How small should *h* be? Since the exact value of the derivative is the limit as *h* goes to zero, the smaller *h* is the better. Except that’s not true in computer arithmetic. When *h* is too small, *f*(*x* + *h*) is so close to *f*(*x*) that the subtraction loses precision.

One way to see this is to think of the extreme case of *h* so small that *f*(*x* + *h*) equals *f*(*x*) to machine precision. Then the derivative is approximated by 0, regardless of what the actual derivative is.

As *h* gets smaller, the approximation error decreases, but the numerical error increases, and so there is some optimal value of *h*.

You can do significantly better by using a symmetric approximation for the derivative:

*f*′ (*x*) ≈ ( *f*(*x* + *h*) − *f*(*x* − *h*) ) / 2*h*.

For a given value of *h*, this formula has about the same numerical error but less approximation error. You still have a trade-off between approximation error and numerical error, but it’s a better trade-off.

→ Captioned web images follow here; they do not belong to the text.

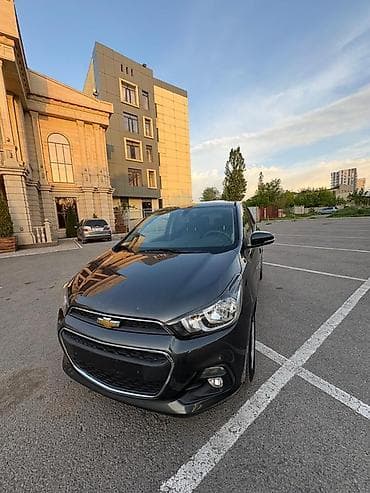 Chevrolet Spark: 2017 г., 1 л, Автомат, Бензин, Хэтчбэк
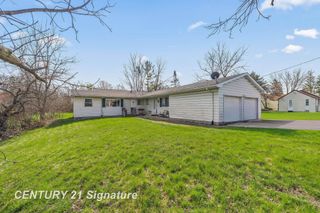 256 River Road, Thomas, MI 48609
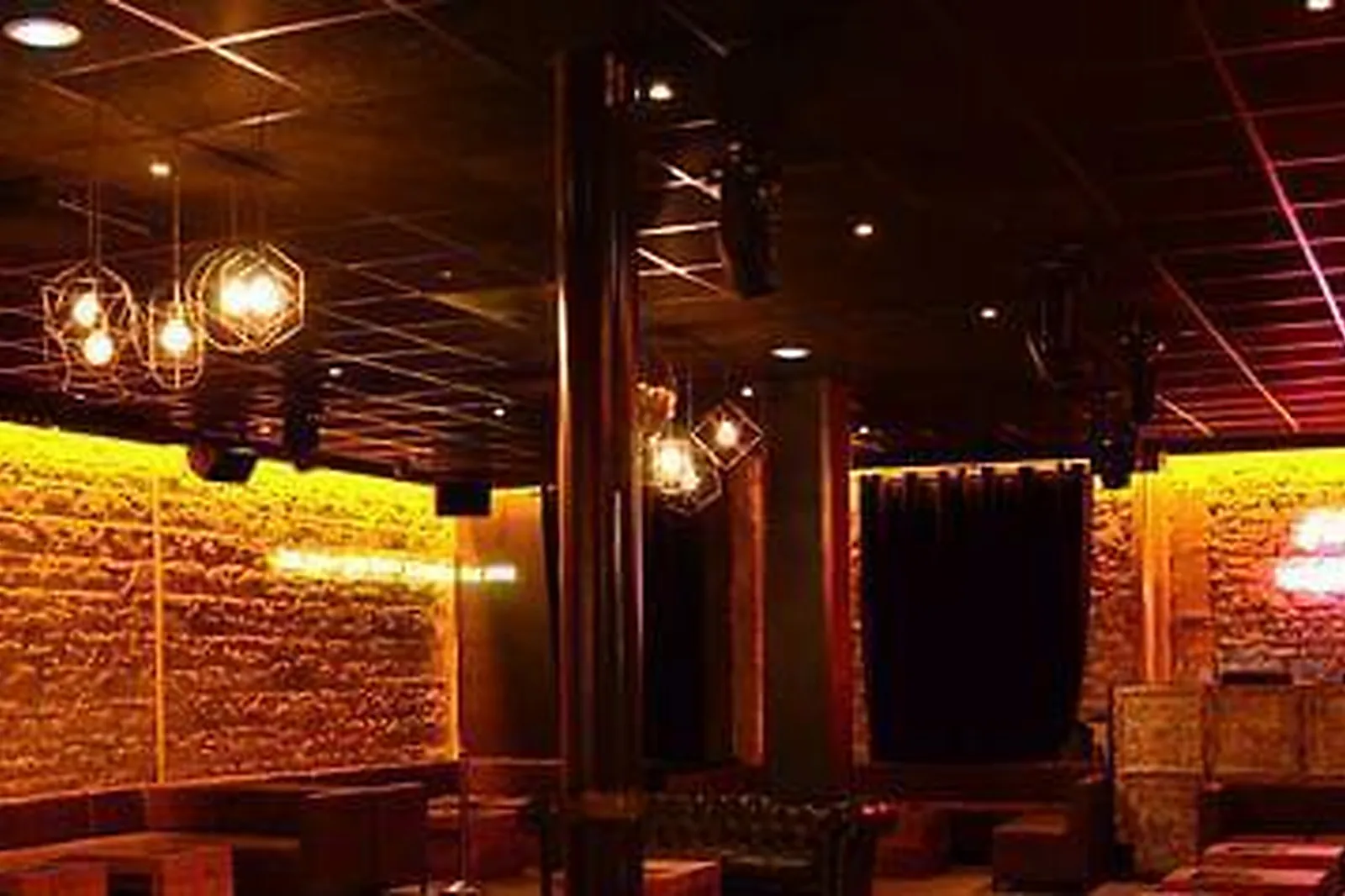 Lieux événementiels, LA MAISON RESTAURANT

If the function *f* that you want to differentiate is analytic, i.e. differentiable as a function of a complex variable, you can take the step *h* to be a complex number. When you do, the numerical difficulty completely goes away, and you can take *h* much smaller.

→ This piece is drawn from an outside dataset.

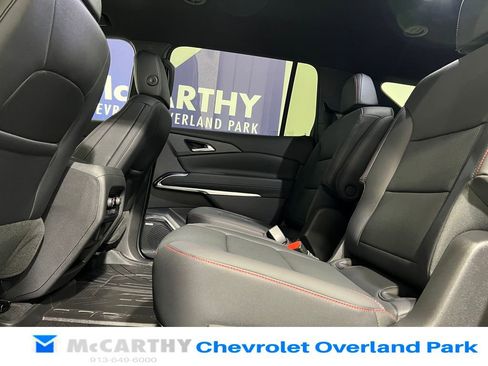 Used 2024 Chevrolet Traverse Z71 w/ Enhanced Driving Package AWD/4WD image 24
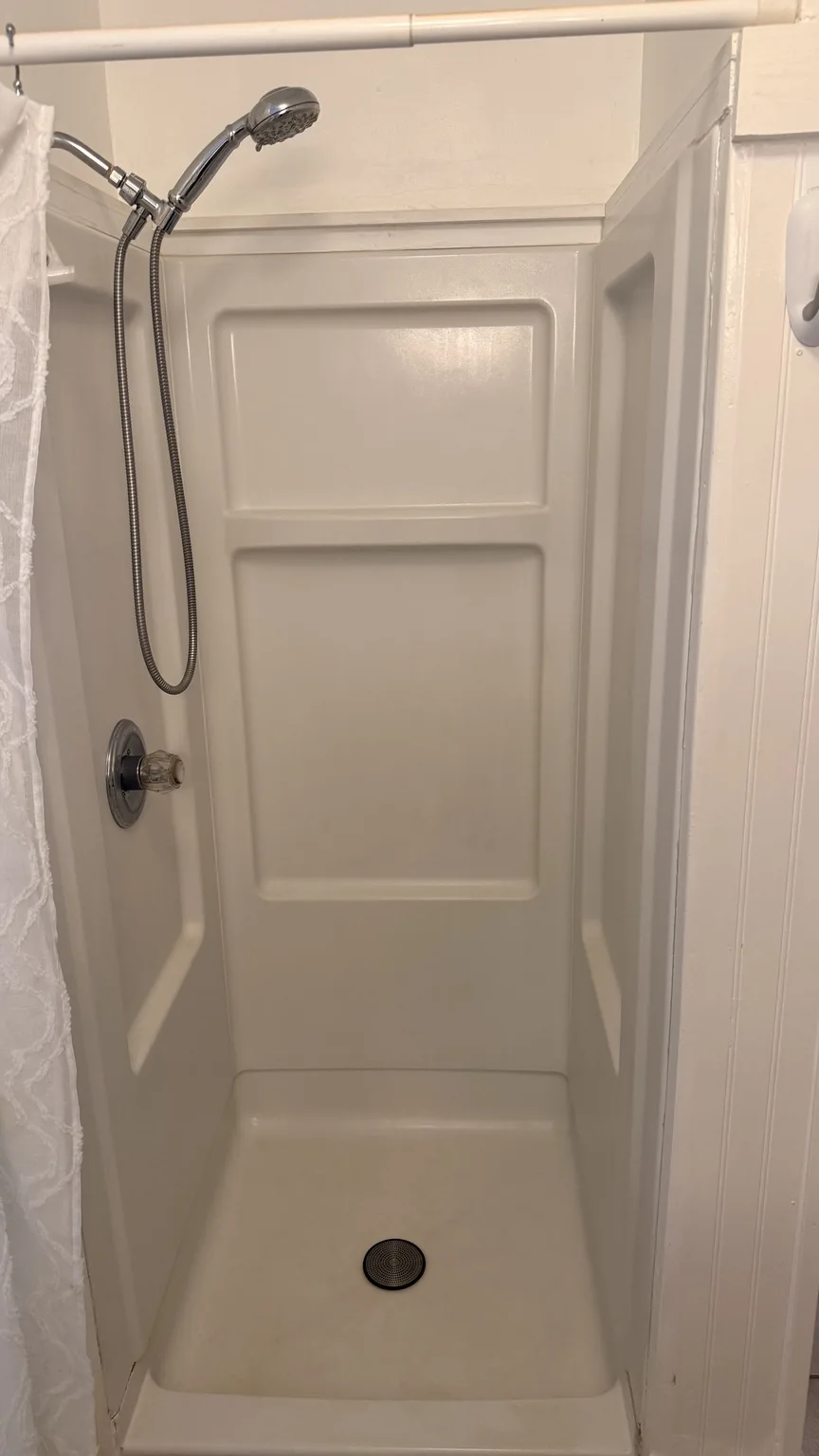 Bathroom shower after the completed Deep Cleaning in Aiea.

Suppose *h* is a small real number and you take

*f*′ (*x*) ≈ ( *f*(*x* + *ih*) − *f*(*x* − *ih*) ) / 2*ih*.

Now *f*(*x* + *ih*) and −*f*(*x* − *ih*) are approximately equal by the Schwarz reflection principle. And so rather than canceling out, the terms in the numerator add. We have

*f*(*x* + *ih*) − *f*(*x* − *ih*) ≈ 2 *f*(*x* + *ih*)

and so

*f*′ (*x*) ≈ *f*(*x* + *ih*) / *ih*.

## Example

Let’s take the derivative of the gamma function Γ(*x*) at 1 using each of the three methods above. The exact value is −γ where γ is the Euler-Mascheroni constant. The following Python code shows the accuracy of each approach.

from scipy.special import gamma def diff1(f, x, h): return (f(x + h) - f(x))/h def diff2(f, x, h): return (f(x + h) - f(x - h))/(2*h) γ = 0.5772156649015328606065 x = 1 h = 1e-7 exact = -γ approx1 = diff1(gamma, x, h) approx2 = diff2(gamma, x, h) approx3 = diff2(gamma, x, h*1j) print(approx1 - exact) print(approx2 - exact) print(approx3 - exact)

This prints

9.95565755390615e-08 1.9161483510998778e-10 (9.103828801926284e-15-0j)

In this example the symmetric finite difference approximation is about 5 times more accurate than the asymmetric approximation, but the complex step approximation is 10,000,000 times more accurate.

It’s a little awkward that the complex step approximation returns a complex number, albeit one with zero complex part. We can eliminate this problem by using the approximation

*f*′ (*x*) ≈ Im *f*(*x* + *ih*) / *h*

which will return a real number. When we implement this in Python as

def diff3(f, x, h): return (f(x + h*1j) / h).imag

we see that it produces the same result as `diff2`

but without the zero imaginary part.

This is a cool technique. I have never seen it before. It does seem to me that there is a bit of an apples-to-oranges comparison because there might be many more arithmetic operations involved in calculating the function of a complex variable versus the function of a real variable. Perhaps a better comparison would be to a higher-order purely-real formula. On the other hand, if one is comparing lines of code and coding effort, this really is an apples-to-apples comparison.

Your exposition is hard for me to follow at f(x + ih) − f(x − ih) ≈ 2 f(x + ih)

If f(x) = x, for example, is it not the case that

f(x+ih)-f(x-ih) = (x + ih) – (x – ih) = -2 ih. ?

and, of course, -2 ih / (-2 ih) = 1 = the derivative of the function f(x) = x

More generally, isn’t f(x + ih) − f(x − ih) = 2 ih (df/dx) + higher order terms?